Failures the agent should surface proactively:

  • The 8-working-day window starts at Schengen-border entry, not at commune arrival. A user who lands in Frankfurt and travels onwards to Brussels by Thalys must file at the commune within 8 working days of the Frankfurt passport stamp, not 8 days from arriving at their Brussels lease. This catches users who plan a multi-week European arrival tour before settling.
  • Bancontact-only payment at the commune. Cash and international cards refused at the counter. A failed payment terminates the appointment.
  • The integration parcours obligation is regional, not federal — and the exact rules differ between Flemish Inburgering (mandatory and most strictly enforced), Walloon Parcours d'intégration (mandatory with several exemptions), and Brussels BAPA (mandatory for one regional sub-population, voluntary for another).
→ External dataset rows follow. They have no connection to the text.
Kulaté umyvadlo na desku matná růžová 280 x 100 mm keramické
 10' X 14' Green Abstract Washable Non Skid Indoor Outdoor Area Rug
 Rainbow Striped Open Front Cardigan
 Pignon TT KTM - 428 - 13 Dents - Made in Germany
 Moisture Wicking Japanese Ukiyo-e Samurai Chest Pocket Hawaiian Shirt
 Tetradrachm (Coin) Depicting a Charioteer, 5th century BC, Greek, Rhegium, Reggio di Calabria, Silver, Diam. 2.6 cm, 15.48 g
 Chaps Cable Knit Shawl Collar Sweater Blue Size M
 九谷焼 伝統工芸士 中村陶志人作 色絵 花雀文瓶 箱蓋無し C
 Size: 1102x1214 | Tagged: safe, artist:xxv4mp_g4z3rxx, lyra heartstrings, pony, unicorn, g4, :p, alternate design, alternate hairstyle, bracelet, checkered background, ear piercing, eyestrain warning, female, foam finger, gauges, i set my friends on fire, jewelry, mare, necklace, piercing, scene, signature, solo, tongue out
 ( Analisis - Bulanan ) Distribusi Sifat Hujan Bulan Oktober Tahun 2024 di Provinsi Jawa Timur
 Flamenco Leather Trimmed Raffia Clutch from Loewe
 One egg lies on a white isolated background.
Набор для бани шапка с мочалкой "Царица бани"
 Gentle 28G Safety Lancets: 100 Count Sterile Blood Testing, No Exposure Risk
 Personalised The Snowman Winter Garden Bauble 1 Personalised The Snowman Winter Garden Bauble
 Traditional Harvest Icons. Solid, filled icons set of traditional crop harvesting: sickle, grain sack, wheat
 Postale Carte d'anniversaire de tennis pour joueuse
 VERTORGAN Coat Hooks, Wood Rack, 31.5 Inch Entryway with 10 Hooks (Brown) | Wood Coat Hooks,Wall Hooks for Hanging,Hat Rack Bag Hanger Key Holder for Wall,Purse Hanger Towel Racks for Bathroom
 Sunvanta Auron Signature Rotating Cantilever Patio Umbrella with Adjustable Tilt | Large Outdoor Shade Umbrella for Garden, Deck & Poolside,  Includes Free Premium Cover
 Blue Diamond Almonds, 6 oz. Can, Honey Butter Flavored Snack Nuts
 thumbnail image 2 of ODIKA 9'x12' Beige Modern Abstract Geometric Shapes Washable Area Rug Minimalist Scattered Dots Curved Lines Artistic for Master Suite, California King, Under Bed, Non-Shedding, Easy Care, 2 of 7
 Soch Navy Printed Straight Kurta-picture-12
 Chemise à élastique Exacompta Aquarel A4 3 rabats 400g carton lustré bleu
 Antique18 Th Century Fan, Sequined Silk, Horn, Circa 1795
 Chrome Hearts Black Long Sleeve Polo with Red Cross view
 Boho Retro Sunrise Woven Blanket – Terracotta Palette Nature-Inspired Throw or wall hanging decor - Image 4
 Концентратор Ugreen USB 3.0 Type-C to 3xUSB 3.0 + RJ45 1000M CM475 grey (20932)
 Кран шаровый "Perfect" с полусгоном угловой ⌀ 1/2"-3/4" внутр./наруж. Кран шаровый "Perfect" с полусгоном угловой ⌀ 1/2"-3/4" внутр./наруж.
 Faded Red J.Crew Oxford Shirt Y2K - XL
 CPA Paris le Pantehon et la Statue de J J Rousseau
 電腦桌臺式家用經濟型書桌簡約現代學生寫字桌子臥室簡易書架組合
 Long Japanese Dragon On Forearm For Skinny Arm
Verify the regional rule for the user's commune of residence; do not assume a uniform federal regime.
  • The 2-year driving-licence exchange window is a hard deadline. After 2 years, the home-country licence is no longer exchangeable; the user must take Belgian theory + practical exams. This catches users who postpone the exchange thinking it can wait.
  • Family reunification under art. 10 has long consular processing times. Users planning to bring family members to Belgium after their own arrival should expect 6–15 months from filing to family-member visa issuance; this is not a defect of the cascade, it is the consular reality.
  • The 1 January 2026 indexation raised the federal redevance (administrative fee) for residence-card files. Verify current values at dofi.ibz.be or via dq-redevance-2026-indexation before quoting fees.
  • Brussels-Capital language regime. As with the EU branch, the language of administration is chosen at the first commune appointment and binds future commune interactions.

Verify with

  • DVZ / Office des Étrangers — third-country nationals: dofi.ibz.be/en/themes/third-country-nationals (visa, work, study, family-reunification, long-term-resident, return-visa, regularisation 9bis / 9ter).
  • Aliens Act (Loi 1980) and RD 1981: Justel consolidated texts at etaamb.openjustice.be (NUMACs in frontmatter).
  • Component sub-skills: f-visa-application (M3), arrival-declaration-at-commune (M4), carte-f-application (M5), mutualite-enrolment (M1) — each carries its own per-pathway documentation, deadlines, and per-commune variation. This parent does not duplicate them.

Verify with your commune (or relevant authority) before filing — procedures vary and change.

References

See frontmatter references for full bibliographic detail. Inline tags above use the [id] shorthand.